Introduction and recap
In my previous two posts of this (now official, but) informal Data Science series I worked through some strategies for doing visual data exploration in Python, assisted by domain knowledge and inferential tests (rank correlation, confidence, spuriousness), and then extended the discussion to more robust approaches involving distance correlation and variable clustering.
For those that have not read those posts, I am using a dataset comprising 21 wells producing oil from a marine barrier sand reservoir; the data was first published by Lee Hunt in 2013 in a CSEG Recorder paper titled Many correlation coefficients, null hypotheses, and high value.
Oil production, the dependent variable, is measured in tens of barrels of oil per day (it’s a rate, actually). The independent variables are: Gross Pay, in meters; Phi-h, porosity multiplied by thickness, with a 3% porosity cut-off; Position within the reservoir (a ranked variable, with 1.0 representing the uppermost geological facies, 2.0 the middle one, 3.0 the lowest one); Pressure draw-down in MPa. Three additional ‘special’ variables are: Random 1 and Random 2, which are range bound and random, and were included in the paper, and Gross Pay Transform, which I created specifically for this exercise to be highly correlated to Gross pay, by passing Gross pay to a logarithmic function, and then adding a bit of normally distributed random noise.
Next step: variable selection
The idea of variable selection is to try to understand which independent variables are more and which are less important in predicting the dependent variable (Production in this case), and also which ones may be highly correlated to one another (in other words, they carrying the same information); in both cases, assisted by domain knowledge, we drop some of the variables, resulting (ideally) in an improved prediction by a model that is simpler and can generalize better.
I really love the systematic way in which Thomas, working on the same dataset but using R, looked at several methods for variable selection and then summarized all the results in a table. The insight from this (quite) exhaustive analysis helped him chose a subset of variables to use in the final regression. I really, REALLY recommend reading his interactive R notebook.
As for me, one of the goals I had in mind at the end of our 2018 collaboration on this project was to be able to do something similar in Python, and I am delighted to say I think I was able to achieve that goal.
In this post I will look at:
- Distance correlation, again
- Multicollinearity, using Variance Inflation Factor (VIF)

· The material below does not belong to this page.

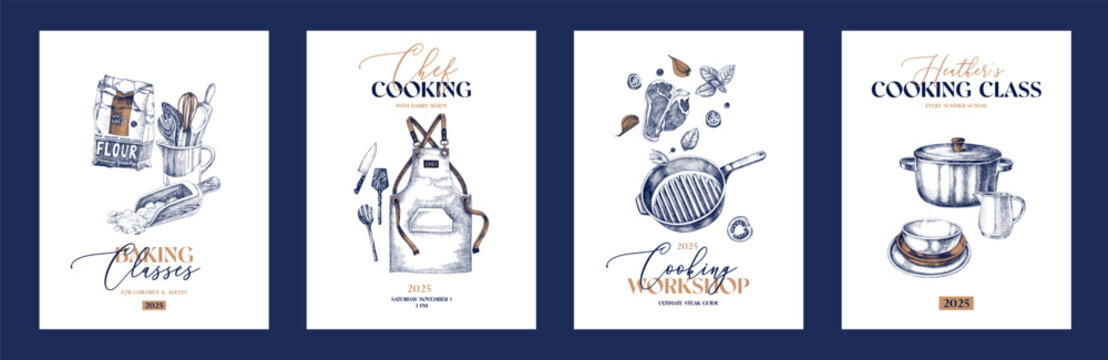 Cooking cards set vector illustration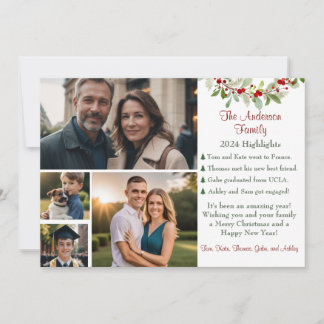 Familie Hoogtepunten Klassieke Kerstfoto Feestdagenkaart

- Sequential feature selection, using both a backward and forward approach
- Random Forest variable importance, using (non default) a drop-column approach
- Multicollinearity, using variable dependence
In the next post I will look at Partial Dependence Plots and SHAP values (Shapley additive explanations). I think this is a good mix as it combines methods and then summarize the results from all methods.
in Figure 1, below, I plot again the correlation matrix of bivariate scatterplots, rearranged according to the clustering results from last post, and with the distance correlation annotated and coloured by its bootstrapping p-value.
Phi-h, Gross Pay, and Gross pay transform are highly correlation to Production, with statistical significance at the 10%level given by the p-value. However, there is a good chance also also of multicollinearity at play, almost certainly between Gross Pay and Gross Pay Transform, with a DC of 0.97; we know why, in this case, imposed it in this case, but we might have not known.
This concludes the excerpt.